Two weeks ago, Dwight returned home for a visit. He looked mature and confident with that greasy duffle bag hanging from his broad shoulders. His hair was cut short which was nice, though Mother tried to ignore the small beard he had grown. He even gave Father a deep hug, which seemed to rather shock the old man. They had an expansive home cooked meal and all was more wonderful than it had been in years those warm evening hours together. As darkness settled in, the prodigal son bid them adieu and drove off with some friends into that weird, weary night.
Shock! A loud knock at the door and it was 3am. Mother and Father jumped from the bed to see a police cruiser idling in their driveway. Dwight emerged with a heavy shuffle and their old friend, a fellow member of their church, and yes, a Lieutenant in the town police department, walked their very son up the very steps.
“Sorry Ma’am,” the Lieutenant said, “but we caught Dwight in a car full of boys with the windows rolled up. There was marijuana. And there was loud music.”
“Not Dwight!” Mother screamed.
“We’re letting him off with a warning this time…”
“Oh Dwight! Oh Dwight!” Mother was inconsolable. She ran to her bathroom, her refuge, and was locked in there until dawn, until she had exhausted a lifetime’s worth of bitter, scalding tears.
And now the question becomes, what next?
Dwight departed for his college dorm the next day. He made apologies and then excuses and finally was simply defiant.
“Everyone does it! It’s not such a big deal! It’s no worse than the alcohol you and Dad drink!”
Yes, those of us who have counseled troubled teens have heard all the lies before. For Mother, this tale was poignantly tragic. You see, she has no other children. Dwight is her only, her precious only, and she had such hopes for him. Did she fail? Was she not loving and caring enough? Was Father too lax with the boy?
In the days that followed, so many questions were thrown about the family home, or rather what was left of it. For in Dwight’s brazen defiance, something of that beautiful notion of kinship and blood and security had been shattered. The evil reality of the drug world had broken down their front door.
Mother hangs her head low as she goes about her errands. Father prefers a back pew at church these days. It’s known that their son is now known by the police for his addiction. To feed his habit he has relied on criminals whose tentacles reach into the inner city ghettoes and out to the crime cartels and maybe even farther…

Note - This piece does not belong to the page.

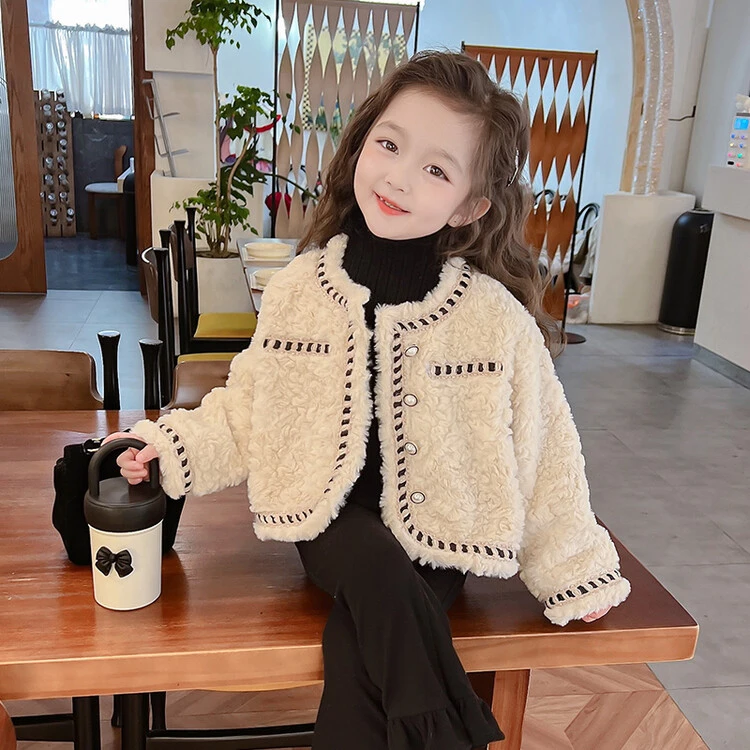 女童小香风外套秋冬2024新款童装女孩洋气冬装上衣儿童时髦上衣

Does Dwight have a future? Or is college just a waste of money? The streets are a brutal place for the Dwights of this world. No matter how smart he thinks he is, the gangs and thugs of the big city are always plenty sharper. Rehabilitation or maybe jail, maybe homelessness? The possibilities are not encouraging. Some evenings Mother just wishes it were all a dream. Some evenings she closes her eyes and just wishes to have her sweet, innocent child back in her arms once again.
If you’re a boy who is tempted by pot, take a little time to think about Dwight. If this tragedy doesn’t stir anything at all in you, then consider poor Mother alone with tears. Is that truly any way for YOUR Mother to live out the end of her life?